The United States has surpassed Italy as the country with the highest reported coronavirus death toll, recording more than 20,000 deaths since the outbreak began, according to a Reuters tally.
The grim milestone was reached as US President Donald Trump mulled over when the country, which has registered more than half a million infections, might begin to see a return to normality.
The Trump administration views 1 May as a target date for relaxing stay-at-home restrictions across the United States, Food and Drug Administration Commissioner Stephen Hahn said on Sunday.
He cautioned that it was still too early to say that target would be met.
“We see light at the end of the tunnel,” he told ABC’s This Week programme.
However, there were many factors to take into account in finally determining when it would be safe to lift restrictions.
Meanwhile in Spain, the country’s daily death toll from the coronavirus has risen by 619 after falling for three straight days, the government said.
The country has now recorded 16,972 deaths from Covid-19.
The US has seen its highest death tolls to date in the epidemic with roughly 2,000 deaths a day reported for the last four days in a row, the largest number in and around New York City.
Even that is viewed as understated, as New York is still figuring out how best to include a surge in deaths at home in its official statistics.
Public health experts have warned the US death toll could reach 200,000 over the summer if unprecedented stay-at-home orders that have closed businesses and kept most Americans indoors are lifted when they expire at the end of the month.
Most of the curbs, however, including school closures and emergency orders keeping non-essential workers largely confined to home, flow from powers vested in state governors, not the president.
Nonetheless, Mr Trump has said he wants life to return to normal as soon as possible and that the measures aimed at curbing the spread of the Covid-19 disease caused by the coronavirus carry their own economic and public health cost.

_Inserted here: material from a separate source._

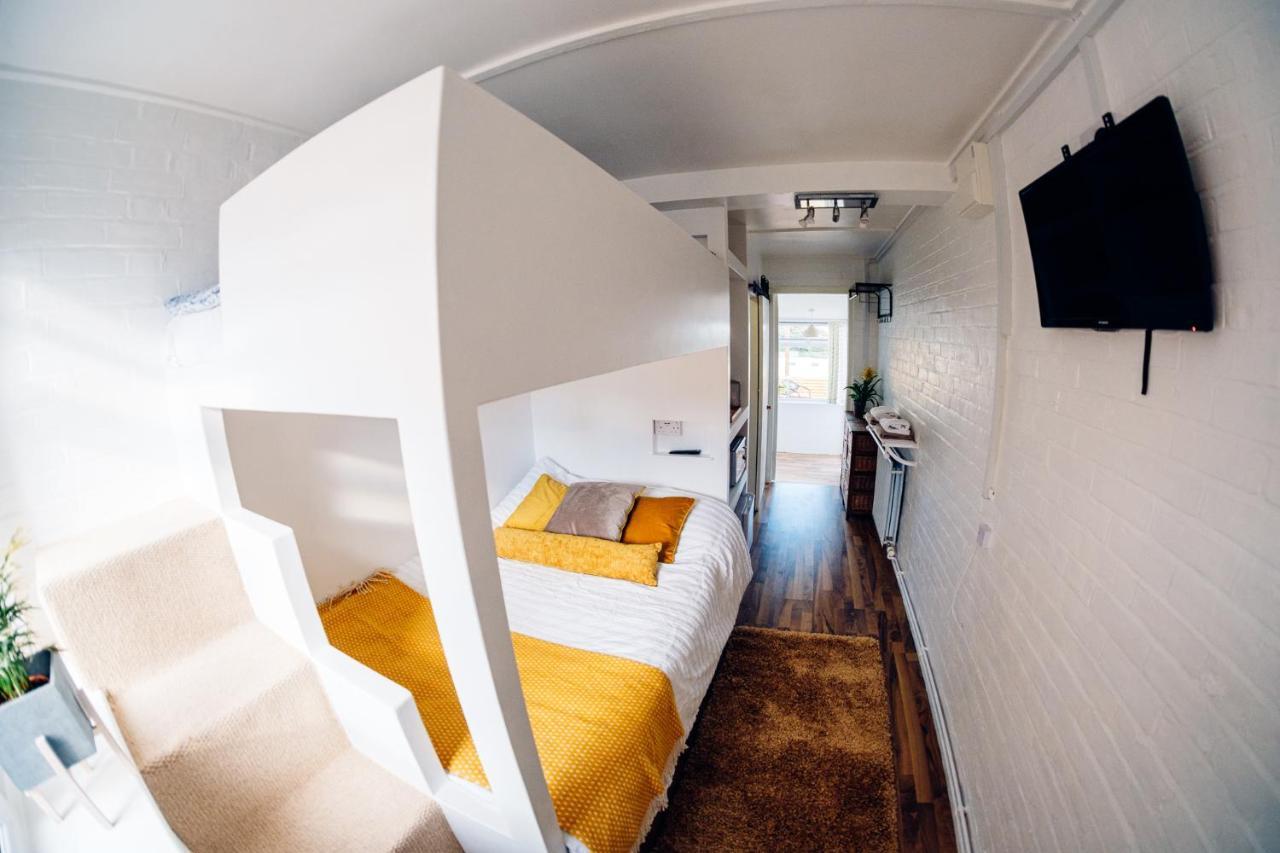Bijou Annexe, Sea View, Private Entrance & Parking - Folkestone 호텔 외부 사진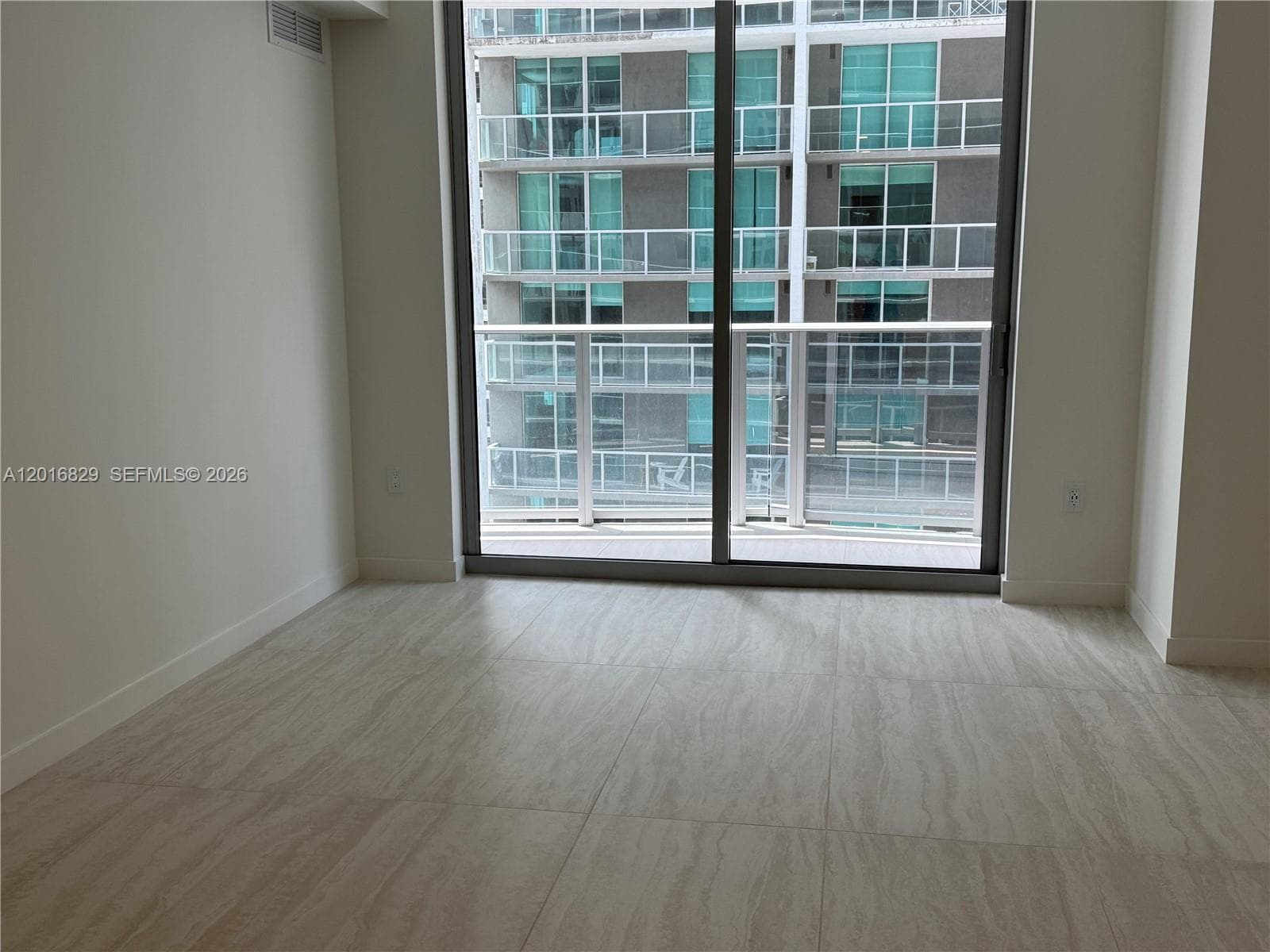 77 SE 5TH ST # 2010, Miami, FL 33131 photo 7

Speaking by telephone with Fox News yesterday evening, Mr Trump said he would make a decision “reasonably soon”, based on the advice of “a lot of very smart people, a lot of professionals, doctors and business leaders”.
He said “instinct” would also play a role.

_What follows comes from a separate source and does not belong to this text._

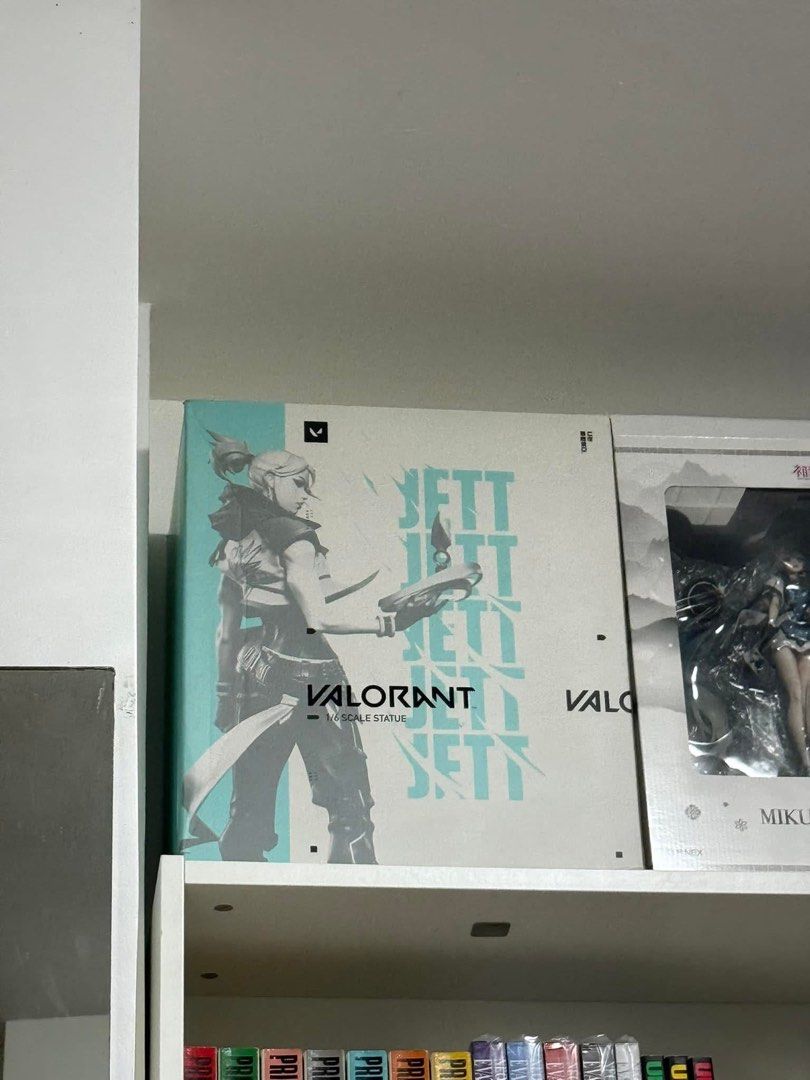 Valorant Jett 1/6 Scale Figure (Category: Figurines & Statues) located in Manila. Submitted by cnmroll (Listing ID 1430619215, Image 3). Description: Has a dented box but figure is in an excellent condition.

“People want to get back, they want to get back to work. We have to bring our country back,” he said.
Mr Trump’s trade adviser, Peter Navarro, told Fox News that “purist medical professionals” who took the position that the only way to minimise loss of life was to shut down the economy and society until the virus was “vanquished” were “half right”.
He said “that will minimise the deaths from the virus directly,” but added that economic shocks also killed people, through higher depression and suicide rates and drug abuse.
“So that very tough decision this president is going to be making is to have to weigh the balance and figure out which path does more damage.”